ACTIVITY: Every line below from the one with "Charming single-story home" through the one with "Interior shot of" should be retyped exactly, both ends included; no other lines and no pictures.

DATA SUPPLIED:
⟨

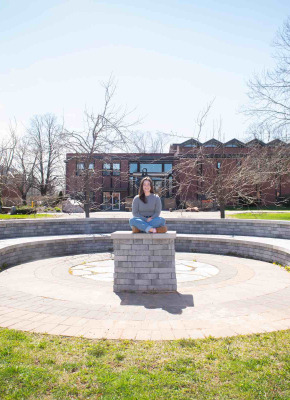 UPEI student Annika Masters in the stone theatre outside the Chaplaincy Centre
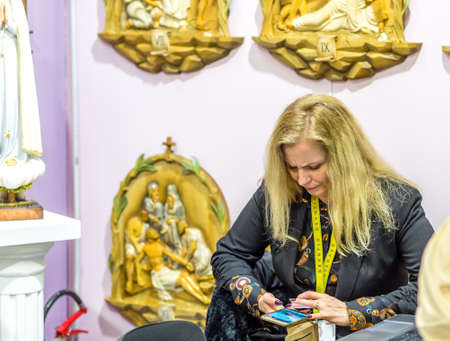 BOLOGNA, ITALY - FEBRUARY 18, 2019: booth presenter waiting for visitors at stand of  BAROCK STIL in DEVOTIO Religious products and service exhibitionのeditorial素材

⟩
⟨

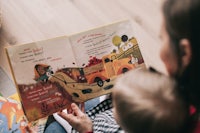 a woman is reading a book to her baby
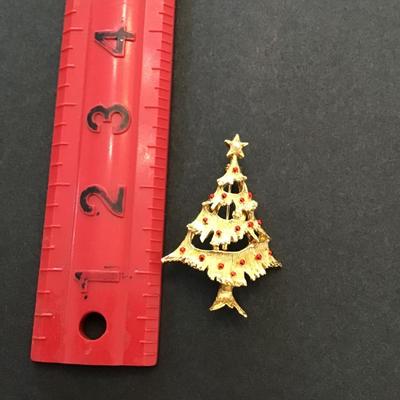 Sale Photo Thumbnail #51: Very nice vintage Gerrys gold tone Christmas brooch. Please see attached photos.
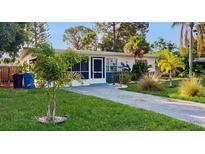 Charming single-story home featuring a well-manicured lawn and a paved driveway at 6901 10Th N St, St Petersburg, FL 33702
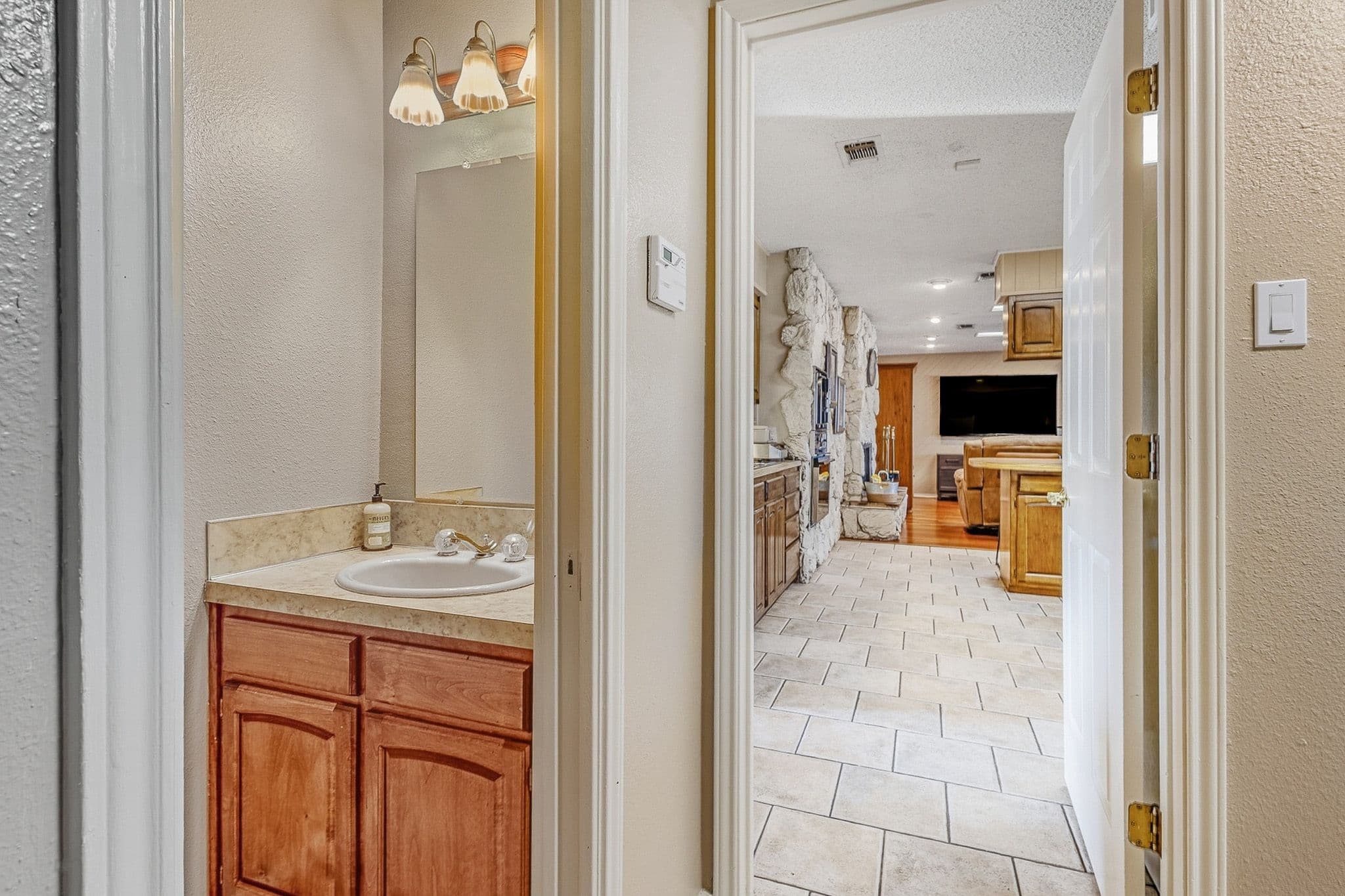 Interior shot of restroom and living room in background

⟩

WRITTEN ANSWER:
 Charming single-story home featuring a well-manicured lawn and a paved driveway at 6901 10Th N St, St Petersburg, FL 33702
 Interior shot of restroom and living room in background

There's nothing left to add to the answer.